Valentina had woken this morning, gotten on her horse, and raced into the woods bordering the estate. Unfortunately, what she sees in the darkness of the mighty trees are men in black hoods, hunters who are there to make sure her father is one of the first to lose his life. They attack Valentina and try with all their might to capture her but she escapes and literally bumps into Liev – the son of her father’s stable master. Off they rush back to the estate, hoping that they can stop the killers and save her family. But just as the house comes into view, a wing is blown to smithereens – the wing that is home to her father’s study. Valentina rushes to the house and finds that it was her young sister Katya who is harmed; the poor girl had woken up and was searching the big window to try and locate her missing sister. The guilt is so immense that Valentina swears upon everyone’s soul that she will protect poor Katya for the rest of her life and make sure that she has a chance to walk again.
Time passes and the reader is brought to Valentina’s school, where she sits and plays piano during a recital for the Tsar, himself. During the performance, however, a man that she’s only seen once before in her life – a man who she fell in love with – appears in the performance hall. His name is Jens Friis, and he is a man who wants nothing more than to help the workers in St. Petersburg get more money and better living conditions, even though he is counted among their enemies. What he also wants more than anything is the beautiful Valentina’s heart, who survives on the fire of vengeance and anger churning in her soul.

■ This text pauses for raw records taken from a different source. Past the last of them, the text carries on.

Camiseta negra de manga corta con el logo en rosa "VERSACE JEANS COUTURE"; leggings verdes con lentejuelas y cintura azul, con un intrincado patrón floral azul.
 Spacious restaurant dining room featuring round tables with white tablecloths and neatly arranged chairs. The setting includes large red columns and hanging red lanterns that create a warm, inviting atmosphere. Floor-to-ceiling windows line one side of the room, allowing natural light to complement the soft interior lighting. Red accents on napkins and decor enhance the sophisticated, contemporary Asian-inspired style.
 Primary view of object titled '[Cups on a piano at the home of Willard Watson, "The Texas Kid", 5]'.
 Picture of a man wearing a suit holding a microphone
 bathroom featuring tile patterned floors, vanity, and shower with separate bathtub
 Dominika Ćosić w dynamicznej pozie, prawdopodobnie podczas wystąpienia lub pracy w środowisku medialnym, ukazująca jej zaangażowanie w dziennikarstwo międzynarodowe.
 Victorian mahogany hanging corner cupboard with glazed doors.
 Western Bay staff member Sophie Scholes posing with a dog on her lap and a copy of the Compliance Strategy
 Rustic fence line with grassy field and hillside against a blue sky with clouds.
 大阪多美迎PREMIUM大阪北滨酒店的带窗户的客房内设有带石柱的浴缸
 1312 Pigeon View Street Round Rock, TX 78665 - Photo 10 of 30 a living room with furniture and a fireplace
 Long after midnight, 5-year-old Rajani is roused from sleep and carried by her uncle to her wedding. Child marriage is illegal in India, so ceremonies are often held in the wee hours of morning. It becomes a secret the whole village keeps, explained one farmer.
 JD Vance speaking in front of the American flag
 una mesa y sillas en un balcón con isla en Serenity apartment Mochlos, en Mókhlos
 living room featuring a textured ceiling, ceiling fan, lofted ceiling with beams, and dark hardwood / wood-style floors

Jens and Valentina make the most unlikely couple – she being part of the wealthy aristocracy and he being a Danish engineer who doesn’t seem to know who to help. Unfortunately, although Valentina’s heart belongs to the Dane with fiery red hair and green eyes, her society parents push her into a loveless marriage with a ruthless Russian Count in order to make sure she “mixes” with her own kind of society. Meanwhile, with everything else that is going on in her own life, Valentina can feel the anger flowing through the streets while the Tsar and the Duma walk down the road to war.
With everything from the beautiful scenery and landmarks of St. Petersburg, to the well-written heroine who faced down everything from pain and loss to brutality and political upheaval, there wasn’t a dull moment on any page of this book. Delving into the Russian world during that time period is always an extremely interesting experience – watching the downfall of the Tsar and the uprising of the people from Valentina’s perspective was a whole new take on the strange and frightening world back then. Not only that, but the love story will hit you to your very core.
Quill says: The Jewel of St. Petersburg could not be more appropriately named, because it is most certainly a jewel to me. From the locations to the characters, this walk through history is like a movie that you will never want to end. This time period held so many adventures for Valentina, that it was an absolute joy for a reader who’d already fallen in love with her in The Russian Concubine to see how it all began.